What to work on> Exact reproduction is needed for the lines from the one with "image for item" to the end of the listing below, and for no other lines.

————

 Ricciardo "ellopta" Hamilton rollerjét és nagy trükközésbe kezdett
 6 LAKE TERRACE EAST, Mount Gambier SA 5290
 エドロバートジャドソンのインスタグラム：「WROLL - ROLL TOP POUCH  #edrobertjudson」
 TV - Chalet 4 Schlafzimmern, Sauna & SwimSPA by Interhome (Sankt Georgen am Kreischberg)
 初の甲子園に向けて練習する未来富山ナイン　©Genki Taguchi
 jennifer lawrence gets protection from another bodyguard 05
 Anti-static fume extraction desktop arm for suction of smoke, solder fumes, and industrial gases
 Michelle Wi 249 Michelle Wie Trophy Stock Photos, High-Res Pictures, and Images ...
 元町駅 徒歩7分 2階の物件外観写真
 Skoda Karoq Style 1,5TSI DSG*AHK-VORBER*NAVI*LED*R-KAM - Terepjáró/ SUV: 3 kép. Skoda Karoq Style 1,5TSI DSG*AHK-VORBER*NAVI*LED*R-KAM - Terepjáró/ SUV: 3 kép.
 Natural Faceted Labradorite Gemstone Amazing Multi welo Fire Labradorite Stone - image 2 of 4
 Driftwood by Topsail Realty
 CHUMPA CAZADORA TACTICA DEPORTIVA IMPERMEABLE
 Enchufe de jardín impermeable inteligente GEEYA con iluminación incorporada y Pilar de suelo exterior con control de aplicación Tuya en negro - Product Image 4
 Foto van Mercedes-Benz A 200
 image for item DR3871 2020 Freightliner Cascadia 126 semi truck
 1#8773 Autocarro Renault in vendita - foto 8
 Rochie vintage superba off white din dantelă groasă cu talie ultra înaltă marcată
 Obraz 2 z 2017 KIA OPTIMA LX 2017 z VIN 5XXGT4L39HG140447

————

Answer below>
 image for item DR3871 2020 Freightliner Cascadia 126 semi truck
 1#8773 Autocarro Renault in vendita - foto 8
 Rochie vintage superba off white din dantelă groasă cu talie ultra înaltă marcată
 Obraz 2 z 2017 KIA OPTIMA LX 2017 z VIN 5XXGT4L39HG140447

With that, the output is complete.